The Algol 60 report (Naur et al. 1960) provided no mechanisms for input or output; it was expected that implementations would extend the language in ways suitable for the I/O facilities of the host environment. The designers of C famously made the same decision; the C compiler developed by Kernighan and Ritchie provided a standard I/O (stdio) library but expected (apparently in a sort of let a hundred flowers bloom, let a hundred schools of thought contend frame of mind) that different implementers would choose different ways of managing I/O, with different libraries reflecting different ways of handling the task. Pressure from users (i.e., programmers using C compilers) eventually forced all C compilers to provide a version of stdio, and forced the relevant standards committees to standardize that library.

The ISO Pascal standard includes an interesting provision in the list of things a Pascal compiler must do to comply with ISO 7185 (quoted from Jensen and Wirth 1974/1985):

It [must be] able to process as an error any use of an extension or of an implementation-dependent feature.

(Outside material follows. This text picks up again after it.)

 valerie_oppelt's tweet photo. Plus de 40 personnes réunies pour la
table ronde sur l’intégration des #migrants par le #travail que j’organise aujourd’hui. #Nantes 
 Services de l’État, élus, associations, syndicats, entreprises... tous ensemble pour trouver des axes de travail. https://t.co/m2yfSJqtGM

Two things seem striking here: first the requirement that it be possible to turn off all extensions, which allows users to check to make sure their program does not depend on vendor extensions, and second the quiet assumption (without any discussion that I have found) that there will of course be extensions to the language, in some processors if not in all. The balancing of interests here seems worth bearing in mind: implementers may have an interest in extending the language, and so extensions are implicitly tolerated in a conforming processor.[2] Users, on the other hand, have an interest in portability and in avoiding lock-in, so conforming processors must be able to turn extensions off.

SGML took a different approach (ISO 8879:1986): with its processing instructions, ISO 8879 provided a mechanism that allowed users (and SGML editors) to insert non-standard information into documents and mark it as such, which allows other applications to ignore the information so marked. By requiring that processing instructions begin with a defined name, XML attempted to make it a little easier for processors which use processing instructions to know at a glance whether the instruction is one they should pay attention to or one they should ignore.

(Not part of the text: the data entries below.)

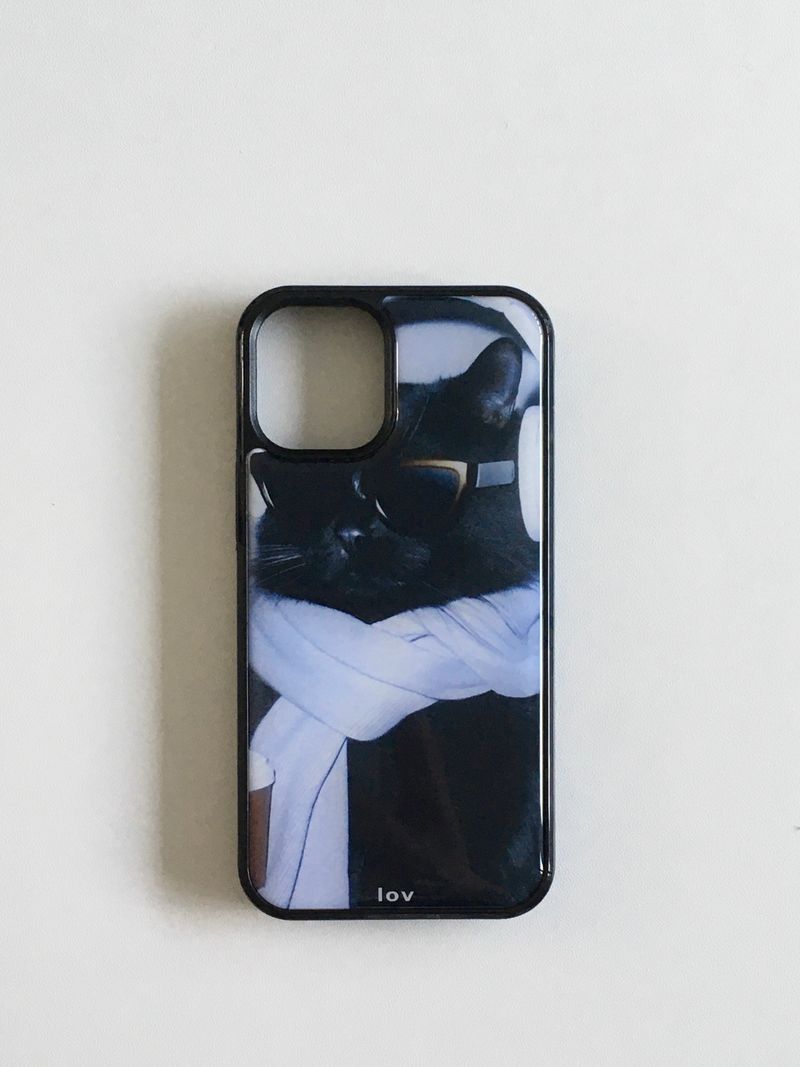 lovinhere(ラビンヒア)の「Noir Cat Epoxy Silver Case(Smartphone Accessories)」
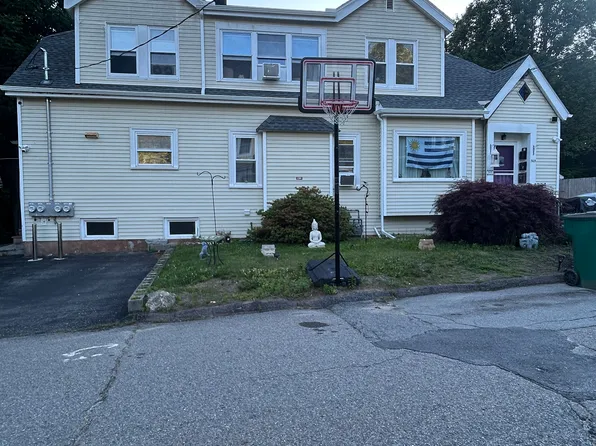 303 Milk St #Basement, Fitchburg, MA 01420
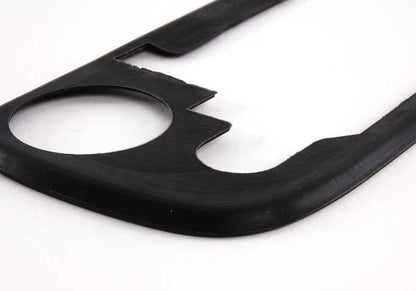 Junta izquierda OEM 51211970855 para BMW Serie 8 E31 (modelos 840i y 840Ci con motores M60 y M62). Compatible con versiones manuales y automáticas. Original BMW.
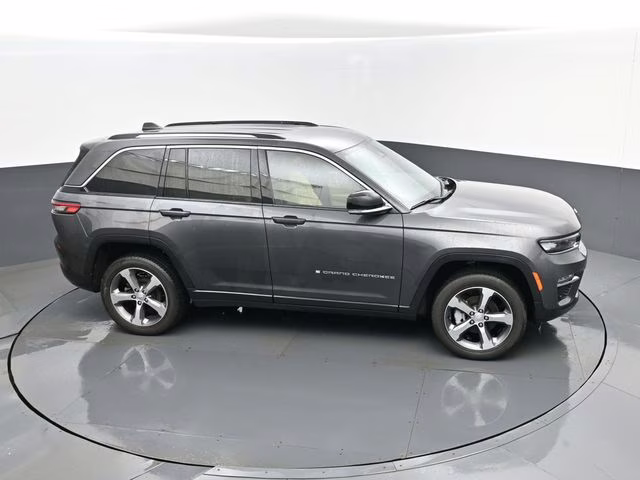 2023 Baltic Gray Metallic Clearcoat Jeep Grand Cherokee Limited 4X4 SUV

Programming-language processors have often felt a need for some similar mechanism for inserting processor-specific annotations into programs. Because programming language syntaxes often lack anything analogous to processing instructions, these processor-specific (or at least non-standardized) annotations are often embedded in what syntactically are comments. Thus a Pascal program[3] might begin with the comment:

{SC+: distinguish between upper and lower case}

In the absence of any inter-implementer agreement on how to distinguish one implementation's annotations from another's, of course, such mechanisms may lead to collisions.

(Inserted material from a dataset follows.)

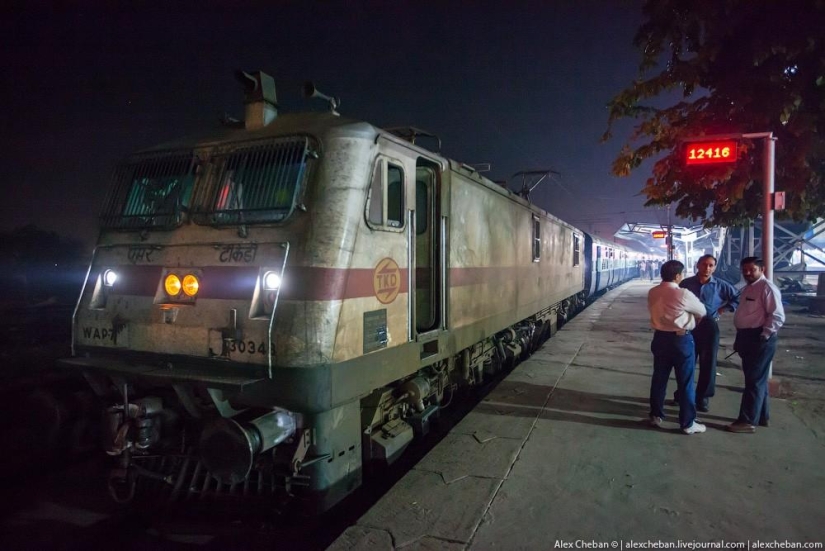 Shared carriage of an Indian train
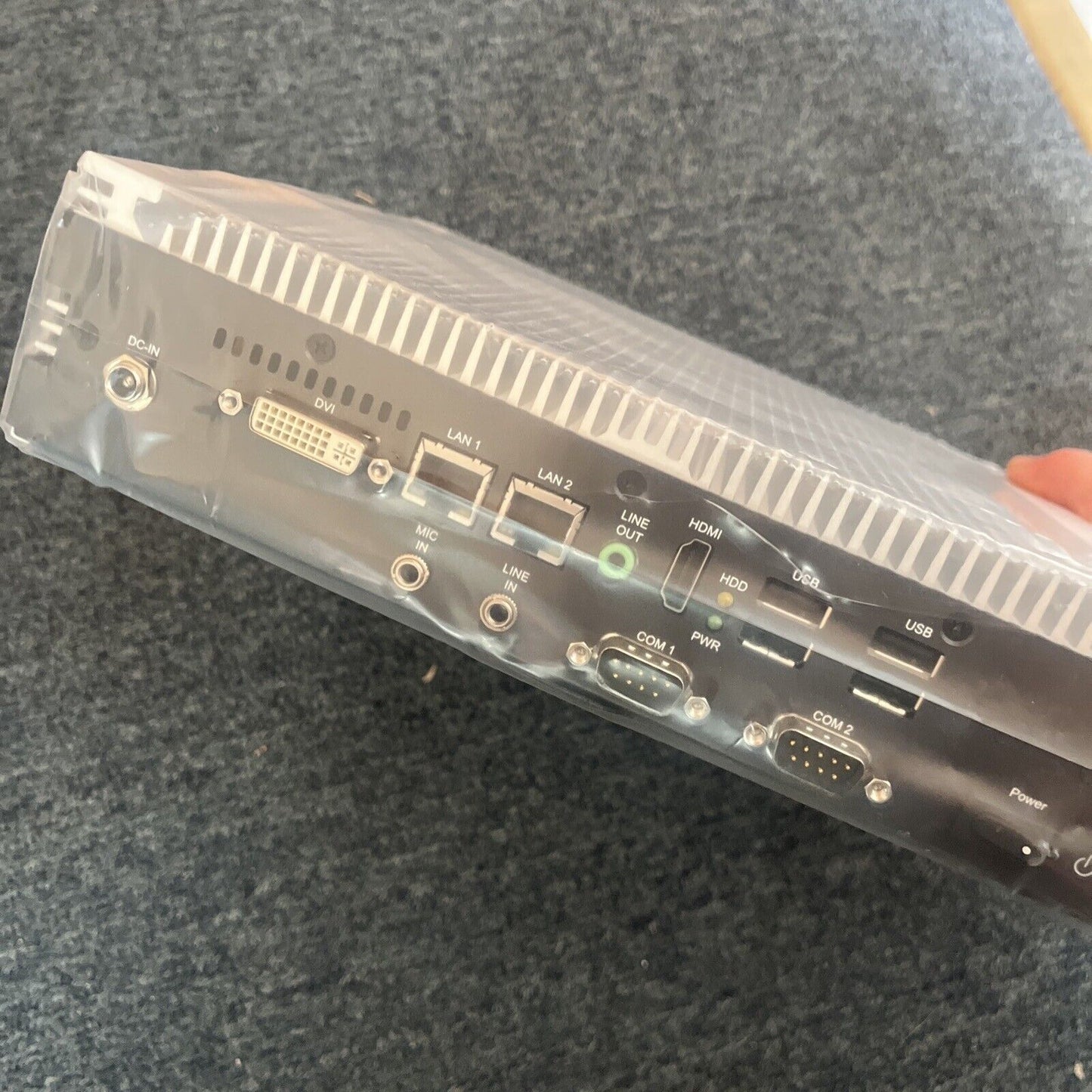 Avalue EPS-QM67 Fanless Intel Core i7 4GB RAM EPS-QM67-A1-2R Medical Panel PC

A specification frequently mentioned as having found a successful formula for extensibility is the original HTML specification, which defined a set of element types and required that if an HTML processor encountered an element of an unknown type, it should ignore that element's tags. This provision allowed browser makers to experiment with support for new elements, which in turn allowed for swift development of new functionalities, both good and bad (the blink element is seldom regarded as a triumph of good markup design), although it also tended to make the actual specification of HTML less important than whatever browser makers were supporting on any given day. The HTML rule works less well in cases where the best approach would be for the entire element to be ignored, rather than just its start- and end-tags. But this flaw illustrates an important point about extensibility: finding some path for extensibility can be very useful, even if it is manifestly imperfect.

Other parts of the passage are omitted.